Already, US forces have shot down a drone they said got too close to the Lincoln and came to the aid of a US-flagged ship that Iranian forces tried to stop in the Strait of Hormuz, the narrow mouth of the Persian Gulf.

Trump told the news website Axios that he was considering sending a second carrier to the region. “We have an armada that is heading there and another one might be going,” he said.

Concern over Nobel Peace Prize laureate

Meanwhile, the Norwegian Nobel Committee said it was “deeply appalled by credible reports detailing the brutal arrest, physical abuse and ongoing life‑threatening mistreatment” of 2023 Peace Prize laureate Narges Mohammadi.

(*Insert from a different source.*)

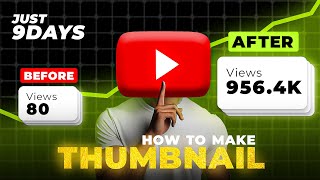 THUMBNAIL MASTERCLASS ✅ How to make YouTube Thumbnail in Photoshop [upl. by Maxim]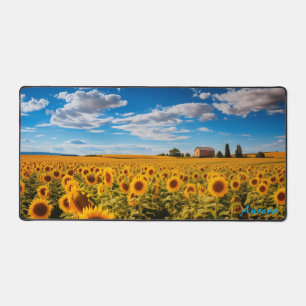 Terrain de tournesol personnalisé et un tapis de b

The committee that awards the prize said it had information Mohammadi had been beaten during her arrest in December and continued to be mistreated. It called for her immediate and unconditional release.

“She continues to be denied adequate, sustained medical follow‑up while being subjected to heavy interrogation and intimidation,” the committee said. “She has fainted several times, suffers from dangerously high blood pressure and has been prevented from accessing necessary follow‑up for suspected breast tumors.”

Iran just sentenced Mohammadi, 53, to over seven more years in prison. Supporters had warned for months before her arrest that she was at risk of being put back into prison after she received a furlough in December 2024 over medical concerns.